There was a brief piece in Al Jazeera today about the upcoming direct talks between Israel and Palestine, now that the Palestinians have officially agreed to talks. The onus of the article basically a reminder that if Israel does not extend the settlement freeze and resumes colonizing Palestinian land, the Palestinians will drop out of the negotiations.
Steve Clemons remarks in the article that the Palestinians must have received some official guarantee from the US that the freeze would continue:
“[S]enior officials from the White House [told me] that they had received informal communications and commitments from the Israelis that the settlement freeze would be extended”.
“I don’t think this would have come together, I don’t think Mahmoud Abbas would have been able to sell it to his constituents, unless those informal commitments had been communicated.”
This is probably true and represents an important point for the Palestinians. It is unlikely that Abbas would enter into negotiations without some sort of guarantee that Israel would stop eating up Palestinian land. The part that confused me was about pleasing Abbas’ constituents. Looking back at Abbas’ political history, it is pretty clear that the man does not have any constituents. Though he was elected President, he recently canceled local elections – a move which imprisoned Palestinians leader Mustafa Barghouthi called part of the “slow death of Palestinian democracy.” Furthermore, a recent poll showed that 71% of Palestinians were dissatisfied with the Palestinian government and a shocking 14.8% said they trusted Abbas (though that is up from 3% in 2003).

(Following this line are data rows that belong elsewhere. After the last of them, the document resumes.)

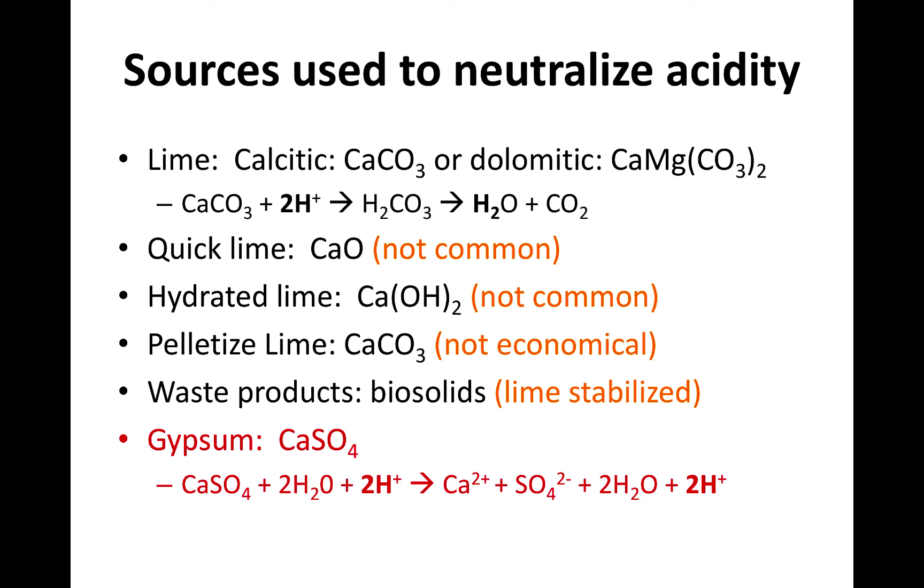Gypsum — calcium sulfate — is listed in red. Some people think because it has calcium it's adjusting their pH. It's not the calcium, it's the oxides or hydroxides that neutralize acidity. With gypsum, the hydrogen is not consumed — if it were, you'd form H2SO4, sulfuric acid, which would quickly dissociate and leave your hydrogen out there anyway. So calcium sulfate or gypsum is not going to adjust your pH.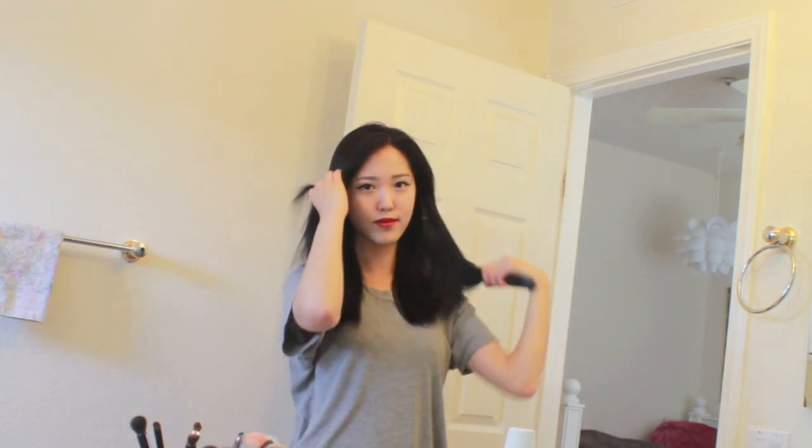Should I put mascara on? I've been really into red lipstick. Makeup finished. Just brush my hair a little bit. Makeup is all done, so let's go get dressed.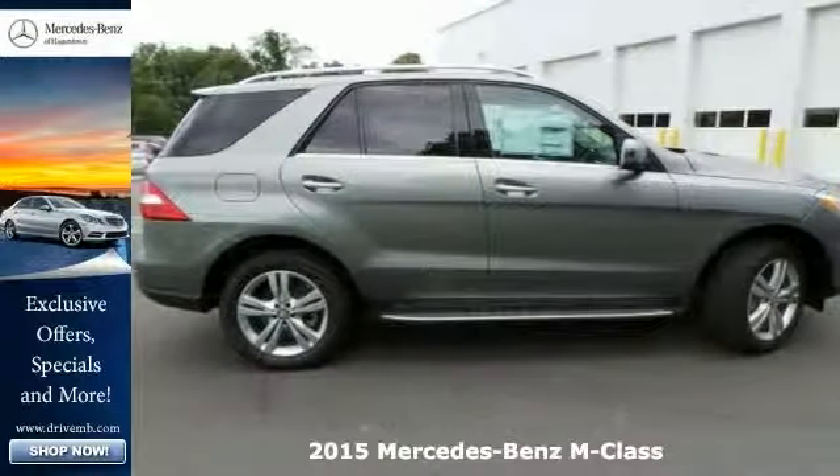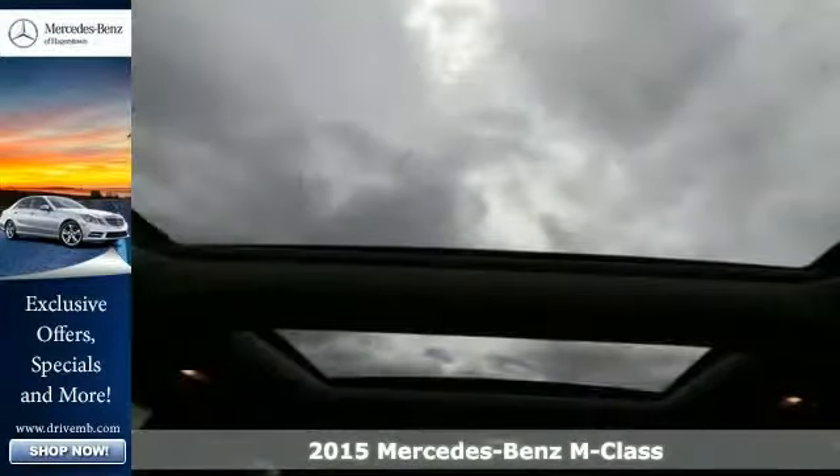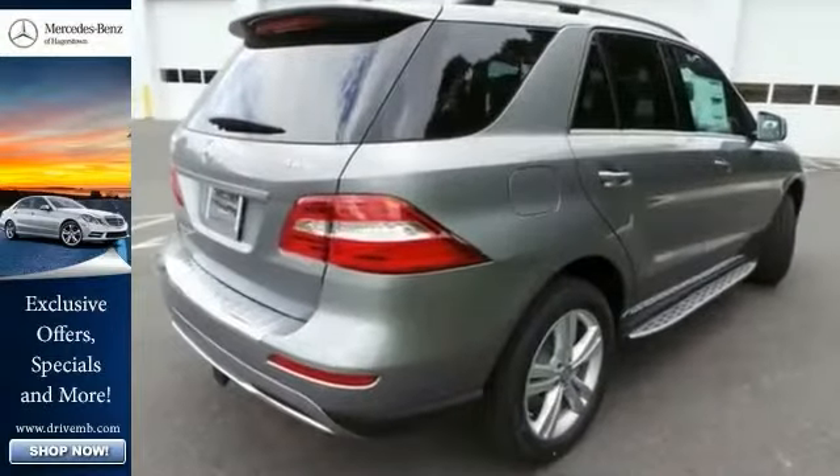Here's a 2015 Mercedes-Benz ML350. Every element is thoughtfully engineered and elegantly crafted to make you feel at home and in control on any road.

[tweetmeme] So hardly any Palestinians support Abbas and the last elections – the means of determining one’s constituency – were cancelled, I have to wonder if Abbas’ hesitancy was due to his concerns over his levels of support. More realistically, I assume, the logic behind not wanting to be involved with negotiations while Israel builds settlements is two-fold. First, it would be silly to think that Abbas is not generally concerned for the future of Palestine. No logical politician would enter negotiations while the ”peace-partner” continues to take land.
Secondly, and perhaps more to the point, Abbas must be worried about how history will portray him. Undoubtedly, the creation of a viable Palestinian state and the end of the Israeli occupation would be portrayed as a great accomplishment for the Palestinian leader (despite those who are calling for the restoration of the entire Palestinian state – i.e. eliminate Israel). However, if the future Palestinian state is nothing more than a collection of Bantustans caused by continued Israeli colonization – particularly during negotiations, History would inevitably frown on the man that allowed such a situation.
If the Palestinian reaction to Abbas’ decision to call for the postponement of the UN vote on the Goldstone Report is any indication, it is very likely that a peace deal that is not fair – or perceived to be fair – to Palestinians will be seen as a major error by the President. After the blundering of the Goldstone Report, Palestinians across the country (particularly in Gaza) were calling for the President’s resignation:
Yesterday, huge posters of the President Mahmoud Abbas pictures surrounded by victims of the Israeli war crimes were hanged everywhere in the streets of Gaza, with the phrase “To the JUNKYARD of history you traitor Mahmoud Abbas” written on them. The poster was adopted and signed by Palestinian academics and university professors. A conference in which the human rights organizations and the victim’s families spoke was held in Gaza under the same title of the poster. Everybody was seen throwing old shoes at the posters of Abbas. The West Bank Palestinian media did not report anything about the conference, the posters, or the families of the victims. In the West Bank, were the PA gang took control, such posters or even raising poster of the Palestinian victims is forbidden by the PA.
Breaking off talks at the first sign of continued Israeli expansion makes sense for Palestine and makes sense for Abbas’ grandchildren. Further settlement growth could eliminate the viability of a Palestinian state and humiliate a negotiating Abbas. With talks set to begin at the start of September, Abbas has one eye on the viability of a state and one eye on his legacy. Without any democratic backing or elections, Abbas stopped caring about his constituents, though he certainly does not want to look like a traitor in the eyes of History.